Study strengths and limitations

Although meta-analysis of TMAO and the risk of MACE has been performed previously [17, 26], our study was the first to investigate the prognostic value of TMAO in the CHD population. Moreover, our dose-response analysis revealed key concentration thresholds that were associated with different levels of MACE risk in patients with CHD. This is a valuable knowledge in the future study of this association. Subgroup analyses added more detail to our findings, revealing that TMAO plasma concentrations had long term prognostic value.

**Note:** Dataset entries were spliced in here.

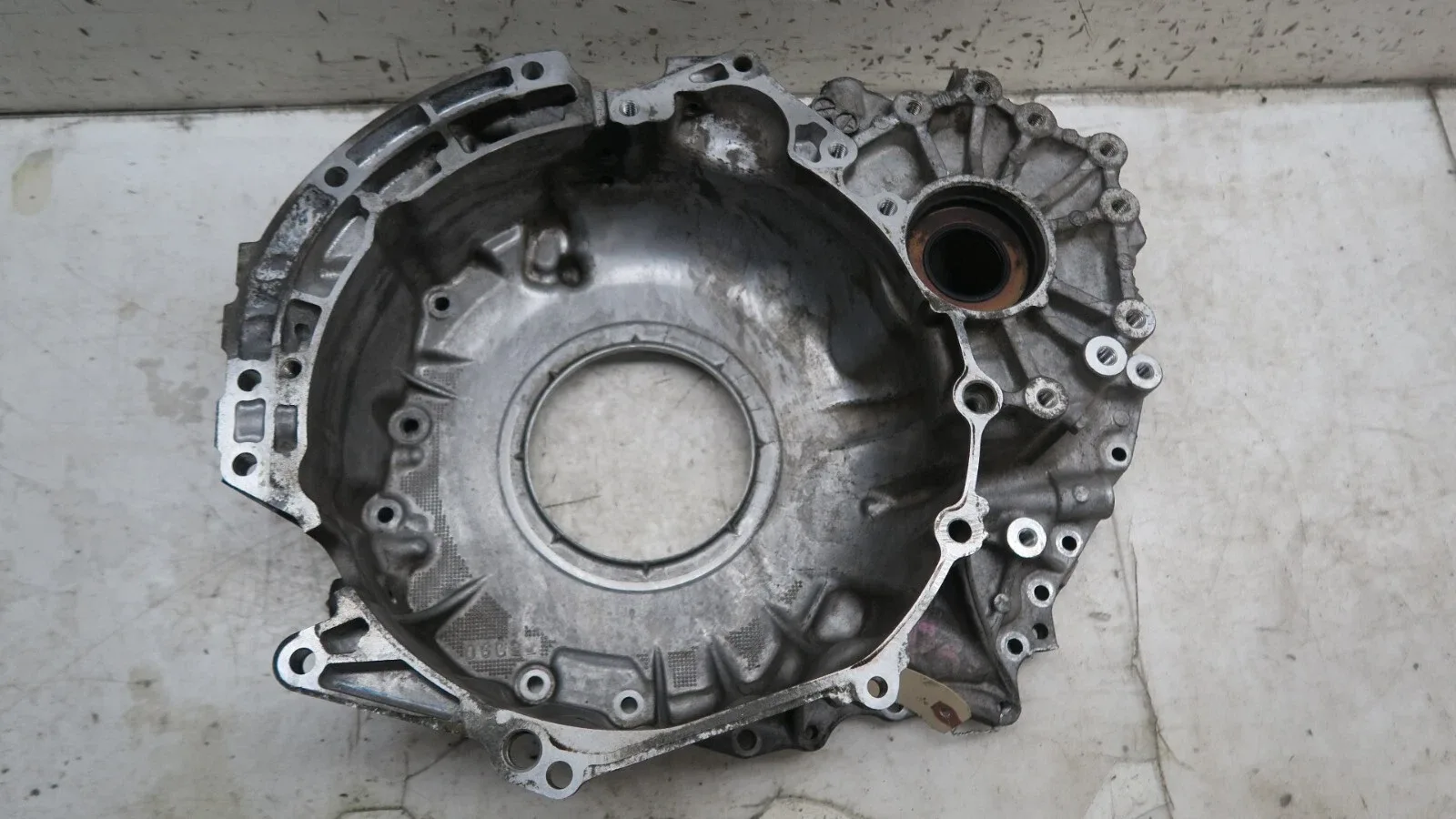 2007-2014 Volvo XC90 OEM 3.2L Transmission Bell Housing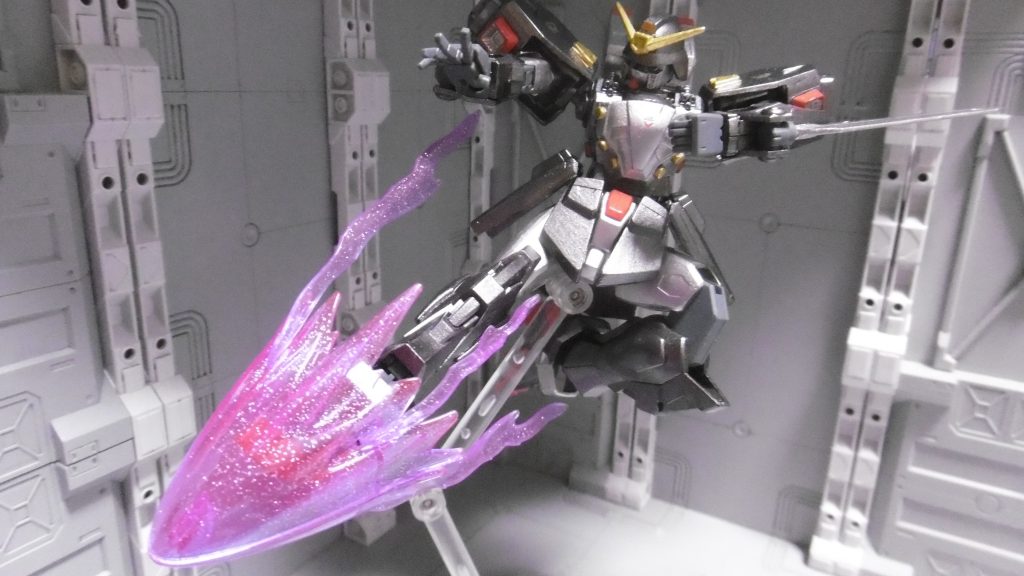 アイアンネットを無くし(表現が難しくてボツに)、代わりに蹴りの威力を強化。HGBF ディナイアルガンダムのエフェクトを流用。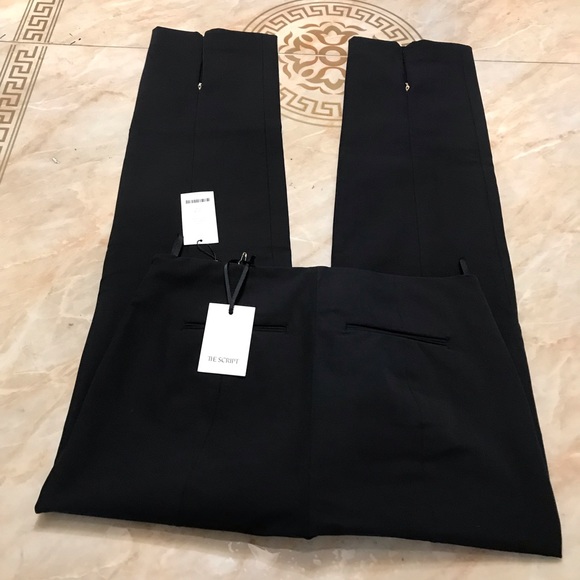 THE SCRIPT Size 8 - Picture 4 of 6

The nine included studies were prospective and had an average NOS score of 7.56; failing to get stars mainly because they lacked demonstration of the outcome of interest, adequate control factors, or a statement of follow-up adequacy. There is potential for publication bias considering that no subgroups contain data from more than ten studies. Although the HRs identified from two studies [6, 8] were unadjusted by risk factors, there was no obvious heterogeneity in either the total, subgroup, or dose-response analyses. We found no evidence of reverse causation, and overall, we considered the analyses to be robust.

A limitation of the meta-analysis was that we found nine relevant studies to include, with only three contributing to the dose-response analysis. This limits our ability to summarize ‘real-world’ relative risk with precision. Furthermore, there were several differences in the methodology of these studies. TMAO concentrations can be influenced by several patient characteristics, such as diet (including regional differences), renal function, liver function, excretory function of gut [39, 40], or general condition of the patient, and also procedural factors, such as the plasma collection time. Differences in study methodology, such as follow-up duration, definition of MACE, and HR calculation were also significant sources of potential inaccuracy. The addition of new evidence to the field will significantly reduce the effect of these limitations in any potential future analyses.

Further studies should investigate the method to regulate the generation of TMAO, such as modulating intestinal flora, inhibiting the activity of FMOs [12]. In addition, more is required on the physiological function of TMAO in CHD patients and healthy individuals.

Conclusion

This meta-analysis revealed a significant association between higher plasma TMAO concentrations and the long term risk of MACE in CHD patients, including those with ACS and chronic CHD. Our dose-response analysis found a non-linear relationship between TMAO concentration and the HR for MACE, with a concentration above 5.1 μmol/L being associated with a HR of > 1. Our findings are based on limited study data but clearly suggest that TMAO concentration has prognostic value for patients with CHD. More prospective researches are needed to evaluate this relationship and the mechanisms that drive it.